Up next were Pete & The Pirates, who were very very very good at what they do. Some of their vocal harmonies are perfect. If this sounds a little non-committal, it's because with great cowardice, I am being wholly non-committal following an excessive night out with the band after the gig, who are just cool and lovely. However, I, personally, wrongly, I expect, didn't enjoy the set as much as the vast, vast (avast?! nervous punning here now) majority of people, who are doubtless far better judges than me, or at the very least knew Pete & The Pirates on record before seeing them live, unlike me, for which I should be flogged and ignored in these here lines.
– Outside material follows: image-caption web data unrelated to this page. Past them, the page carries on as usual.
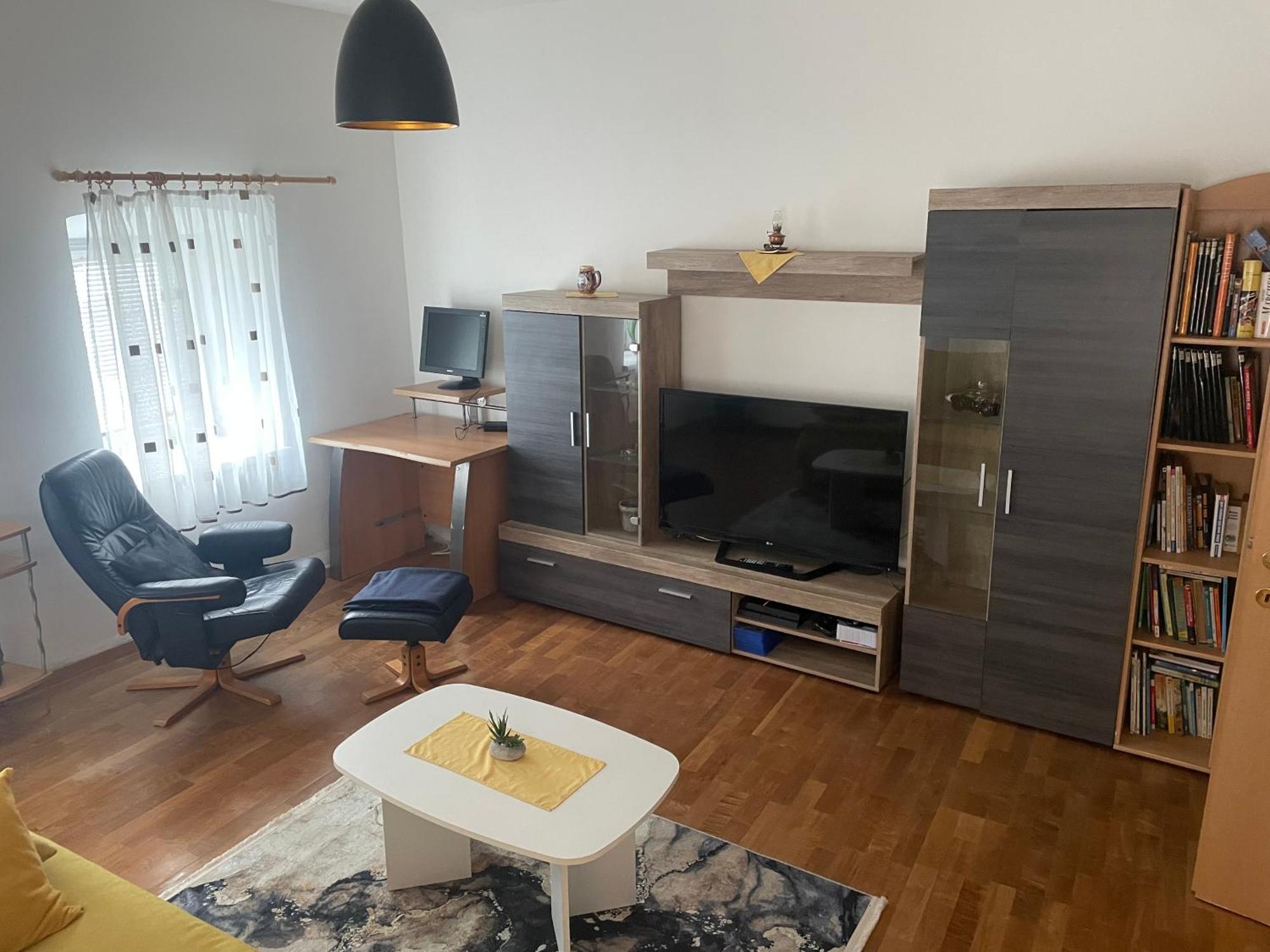Apartment Sonne&Luft Bad Bleiberg Zewnętrze zdjęcie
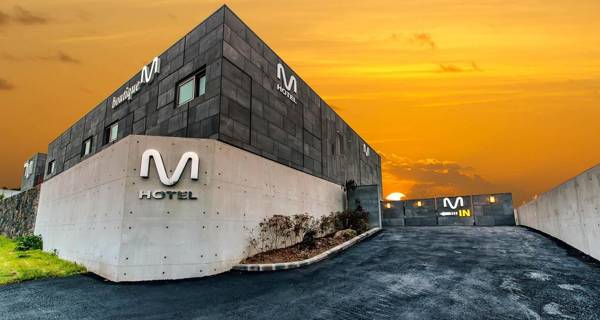Jeju M Self check-in Motel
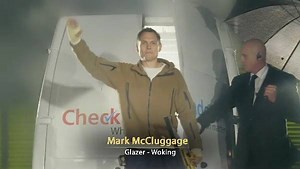 Checkatrade trusted Sheerwater Glass Director Mark to represent them in their Ad campaign on Piers Morgan's Life Stories. | Sheerwater Glass | Facebook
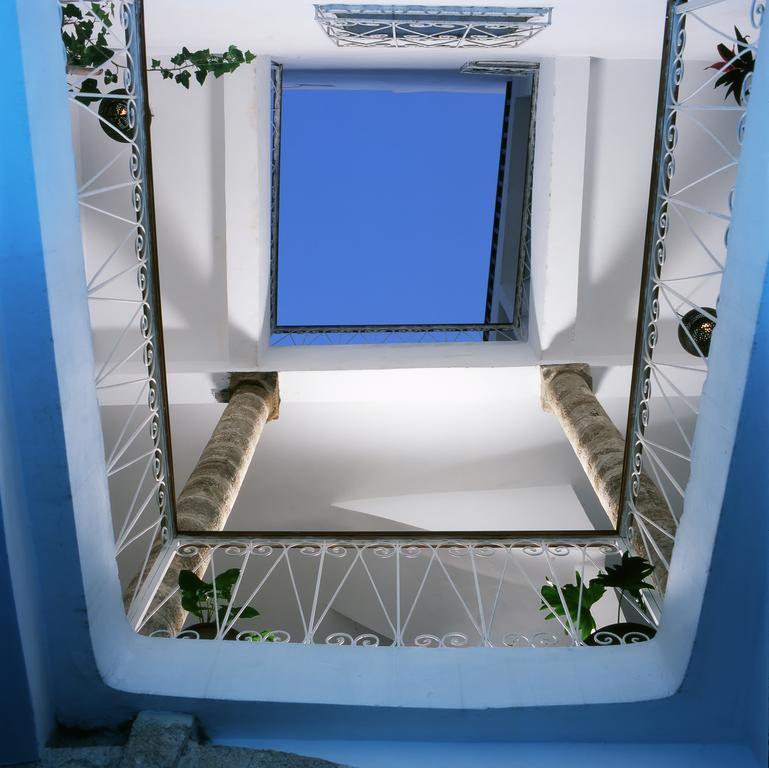 Dar Lazuli Bed & Breakfast Εσαουίρα Εξωτερικό φωτογραφία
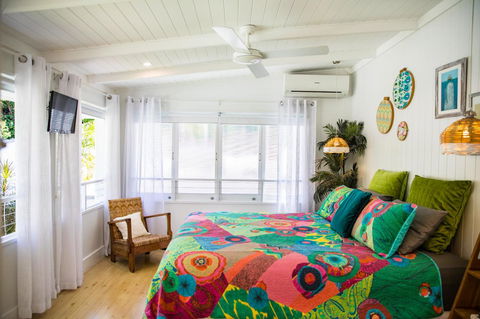 Jamaica Beach House - Northern Rivers Accommodation 8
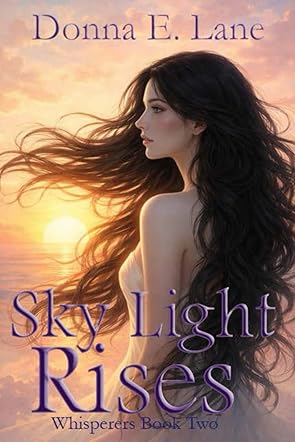 Sky Light Rises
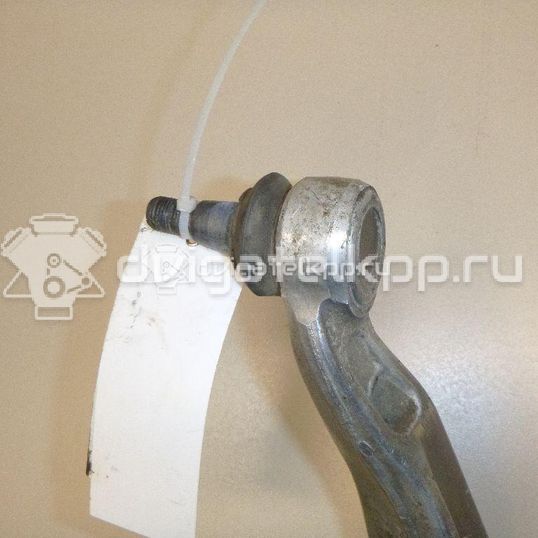 Фото Рычаг передний нижний левый задний  8K0407693S для porsche Macan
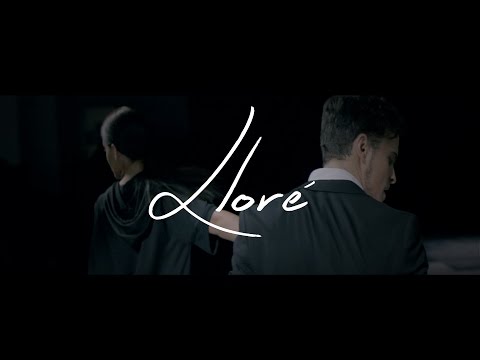 Schuster - Llore (Videoclip Oficial)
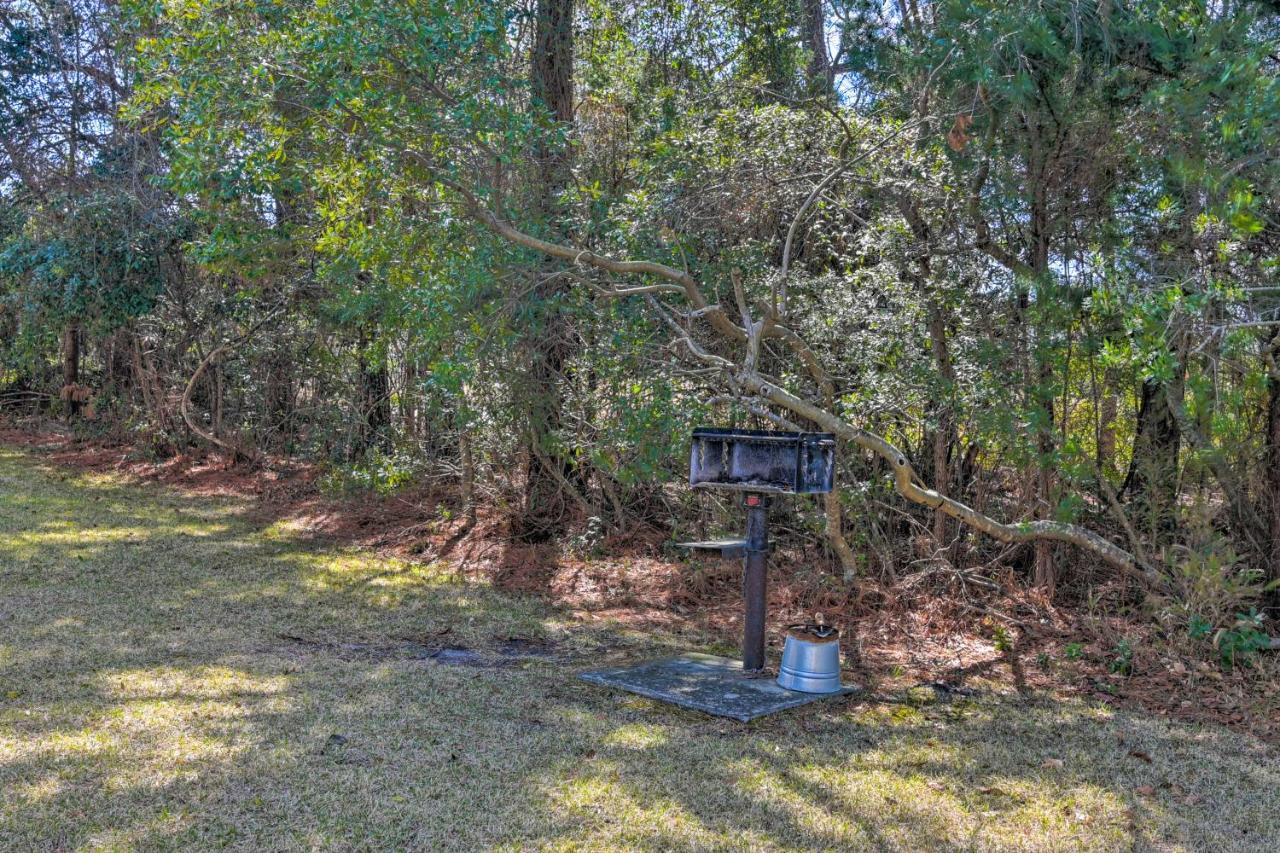 Welcome To After Dune Delight Golf Course Condo! Pawleys Island Exteriér fotografie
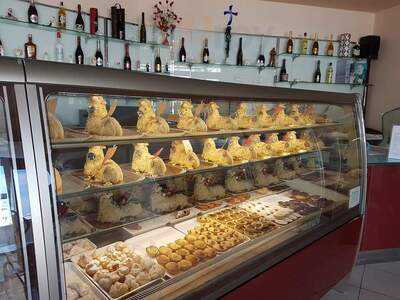 Pasticceria De Mitri, Sannicola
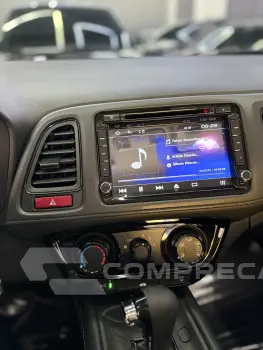 HR-V 1.8 16V LX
http://radiolux.steffan.org.uk/
www.thomastantrum.co.uk
www.peteandthepirates.co.uk

EUROS CHILDS
Reardon Smith Lecture Theatre, National Museum of Wales, Saturday 15th Nov 2008
 

The all-seater lecture hall venue for Euros Childs had most attendees cooing and feeling very cultured, although the theatre was sadly under-attended, people perhaps not venturing out to the museum in the miserable, rainy night. Well, their loss. Mr. Childs gave a fantastic performance, breezing through the genres, spanning blues, rock and more countrified numbers from Chops, Bore Da and Cheer Gone with plenty of funny interplay with the audience and his band. Though a veritable leviathan of the welsh music scene, Childs could not be a more unassuming and amiable character. He is deserving of his top billing and of far more acclaim and recognition than he and the Gorky's Zygotic Mynci canon currently garner.

www.euroschilds.com


THOMAS TRUAX
Dempsey's, Saturday 15th Nov 2008

"This guy is pickling my brain", said a friend, turning to me halfway into Thomas Truax's set. This is a perfectly valid response to watching the self-proclaimed left-field troubadour, as he loops and reloops noise from his homemade instruments such as: The Hornicator. Sister Spinster. The Stringaling. These instruments defy easy description, cobbled together from things like an old gramophone horn, what look like bits of bike wheels, pull-chord toys, tv aerials, all-manner of coils and springs, as well as a huge amount of wit and imagination. but if you think they sound weird, wait until you hear the Truax's lyrics. In the same breath he can be both twee and nightmarish, disconcerting and enlightening, evil and cute. He paints dystopian landscapes then hands you a rose-tinted kaleidoscope to view it through. In honesty, Truax is really pretty shambolic live, particularly as he has apparently toured almost solidly for the past five years, his guitar-playing isn't very sharp and his patter is quite nervy. He's a man on the edge. Repeatedly he wanders away from the stage to stand on tables or just spin about, with one sojourn taking him into the toilets -all the while singing, hardly a care for the audience. Yet the whole act is so beguiling and endearing that seeing Truax construct his ramshackle tales is a joy akin to a successful concrete poem or a particularly mad fluxus happening. Seek him, for he should be sought.

www.thomastruax.com

In only its second year, Swn naturally is still suffering from teething problems, not least in the shape of unfortunate (perhaps to a degree unavoidable) scheduling clashes exacerbated by some lacks of coherence in grouping like-minded bands together for like-minded people to see without dashing from one end of the city to the other on blistered feet, in pouring rain with no money for a taxi due to the doubtlessly overpriced wristband (though buses were apparently laid on to help). That observation may lack universality. And sometimes incongruity rules OK. When you have the joy of seeing the ever-lovely The School on the same bill as the irrepressible Agaskodo Teliverek, it’s hard to complain, and what city-based music festival doesn’t suffer similar problems? However, some of the venues used are just not great choices, with many better suited live music locations overlooked, and the festival would be helped by greater publicity away from promotion within the venues chosen, which could hopefully banish sad sights like Euros Childs playing to half-empty theatres. Gripes aside, with a little more natural development and hard work in the right places, Swn could and should eventually grow to be the annual highlight of Cardiff’s thriving live music scene.